If you look at the bits as the game progresses, you can reframe the problem. Subtracting 1 from an odd number is flipping the right-most bit from 1 to 0. Dividing by 2 is shifting the bits 1 place to the right.

Example in binary:

1001101

There are four 1-bits, which means 4 subtractions of 1. The left most 1 bit is in the 7th position, which means 6 divisions by 2. There is an exception to this rule when the input is 0, so this is the (almost) final formula:

if (num == 0) return 0;
return (number of 1-bits) + (number of bits to the right of the left-most 1-bit);

A genius SWAR algorithm can be used to count the 1-bits:

public int BitCount(int x)
{
    x -= (x >> 1) & 0x55555555;
    x = ((x >> 2) & 0x33333333) + (x & 0x33333333);
    return (((x >> 4) + x) & 0x0f0f0f0f) * 0x01010101 >> 24;
}

To count the bits on the right of the left-most 1-bit, we can turn them all into 1s by overlapping the number (| operator) with bit shifts of itself:

public int FillGaps(x)
{
    x |= x >> 1;
    x |= x >> 2;
    x |= x >> 4;
    x |= x >> 8;
    return x | x >> 16;
}

The final function is:

public int CountSteps_NoLoop(int num)
{
    if(num == 0) return 0;
    return BitCount(num) + BitCount(FillGaps(num)) - 1;
}

There is one more thing that can be done to make the function even faster: because this function is so complicated with lots of bitwise operations, it is slower than a loop for small numbers, so you can do something like this:

public int CountSteps(int num)
{
    const int TIPPING_POINT = 32; // or 16 with Roslyn 3.4 compiler (according to my benchmarks)
    if(num < TIPPING_POINT)
    {
        return CountSteps_Loop(num); // method from my other answer
    }
    else
    {
        return CountSteps_NoLoop(num);
    }
}

Since I already went this far, why not go all the way and avoid function calls and variable declarations (who needs meaningful names):

public int CountSteps(int x)
{
    if(x < 32)
    {
        int c = -1;
        do
        {
            c += 1 + (x & 1);
        } while ( (x >>= 1) != 0);

        return c;
    }
    else
    {
        int s = x - ((x >> 1) & 0x55555555);
        s = ((s >> 2) & 0x33333333) + (s & 0x33333333);

        x |= x >> 1; 
        x |= x >> 2;
        x |= x >> 4;
        x |= x >> 8;
        x |= x >> 16;

        x -= (x >> 1) & 0x55555555;
        x = ((x >> 2) & 0x33333333) + (x & 0x33333333);

        return ((((s >> 4) + s) & 0x0f0f0f0f) * 0x01010101 >> 24)
             + ((((x >> 4) + x) & 0x0f0f0f0f) * 0x01010101 >> 24) - 1;
    }
}

Update: more optimizations!

The main reason I kept the if statement until now is not to speed up the case of 16 smallest numbers, that was just an opportunity to make better use of an if statement that I needed anyway to take care of the case of 0 input. Now I got rid of this if statement and instead of subtracting 1 from the bit count at the end (which created the exception for 0), I shift one bit off of the number before counting the bits (2nd line inside the function). Also according to my benchmarks this shift is faster than subtracting 1 in the end.

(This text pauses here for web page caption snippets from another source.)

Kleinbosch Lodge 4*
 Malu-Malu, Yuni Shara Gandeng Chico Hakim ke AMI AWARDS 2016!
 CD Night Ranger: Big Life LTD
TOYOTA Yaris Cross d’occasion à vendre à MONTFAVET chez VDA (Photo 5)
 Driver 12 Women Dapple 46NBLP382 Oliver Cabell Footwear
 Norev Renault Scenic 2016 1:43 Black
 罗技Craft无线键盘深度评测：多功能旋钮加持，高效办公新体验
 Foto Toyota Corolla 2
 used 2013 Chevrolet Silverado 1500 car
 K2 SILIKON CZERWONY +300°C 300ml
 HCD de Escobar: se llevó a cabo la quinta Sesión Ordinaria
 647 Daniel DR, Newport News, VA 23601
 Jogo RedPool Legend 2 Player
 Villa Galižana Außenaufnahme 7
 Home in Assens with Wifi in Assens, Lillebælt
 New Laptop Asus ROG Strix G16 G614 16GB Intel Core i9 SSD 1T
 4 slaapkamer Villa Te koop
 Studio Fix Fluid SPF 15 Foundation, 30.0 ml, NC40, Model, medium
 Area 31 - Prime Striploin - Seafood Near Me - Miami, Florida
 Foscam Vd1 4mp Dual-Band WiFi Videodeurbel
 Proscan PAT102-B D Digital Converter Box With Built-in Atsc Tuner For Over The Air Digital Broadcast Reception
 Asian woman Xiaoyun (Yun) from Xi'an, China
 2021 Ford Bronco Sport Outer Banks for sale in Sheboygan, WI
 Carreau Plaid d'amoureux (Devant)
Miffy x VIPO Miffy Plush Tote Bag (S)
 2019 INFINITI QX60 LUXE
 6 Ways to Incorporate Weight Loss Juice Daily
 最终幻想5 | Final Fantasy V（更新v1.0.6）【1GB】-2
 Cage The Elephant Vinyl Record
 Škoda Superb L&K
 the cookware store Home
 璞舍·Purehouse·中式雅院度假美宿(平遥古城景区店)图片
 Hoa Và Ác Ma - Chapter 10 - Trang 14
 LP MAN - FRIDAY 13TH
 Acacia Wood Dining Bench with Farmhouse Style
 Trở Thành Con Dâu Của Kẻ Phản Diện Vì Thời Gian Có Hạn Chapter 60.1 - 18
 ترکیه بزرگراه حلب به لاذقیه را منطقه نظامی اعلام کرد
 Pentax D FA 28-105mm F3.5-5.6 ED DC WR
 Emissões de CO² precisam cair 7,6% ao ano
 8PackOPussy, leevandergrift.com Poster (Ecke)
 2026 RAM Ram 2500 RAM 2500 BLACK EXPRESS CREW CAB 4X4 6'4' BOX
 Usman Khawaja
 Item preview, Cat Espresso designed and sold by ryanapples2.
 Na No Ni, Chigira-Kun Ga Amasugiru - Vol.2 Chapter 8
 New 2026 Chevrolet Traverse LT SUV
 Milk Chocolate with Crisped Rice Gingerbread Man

I also optimized the return statement by adding both bit counts as early as possible before finishing the count (see the 2nd last line).

public int CountSteps(int x)
{
    int s = x - ((x >> 1) & 0x55555555);
    x = (x >> 1) | (x >> 2);
    x |= x >> 2;
    x |= x >> 4;
    x |= x >> 8;
    x |= x >> 16;
    x -= (x >> 1) & 0x55555555;
    x = ((x >> 2) & 0x33333333) + (x & 0x33333333)
        + ((s >> 2) & 0x33333333) + (s & 0x33333333);
    return (((x >> 4) & 0x0f0f0f0f) + (x & 0x0f0f0f0f)) * 0x01010101 >> 24;
}

Benchmarking: (with the highest 40 million values of int as function input)

  • code with loop: 3.89s
  • my fancy code: 0.48s
  • with processor instructions: 0.38s

The performance gap will grow if the functions are extended to handle longs, because it's O(1) vs O(n).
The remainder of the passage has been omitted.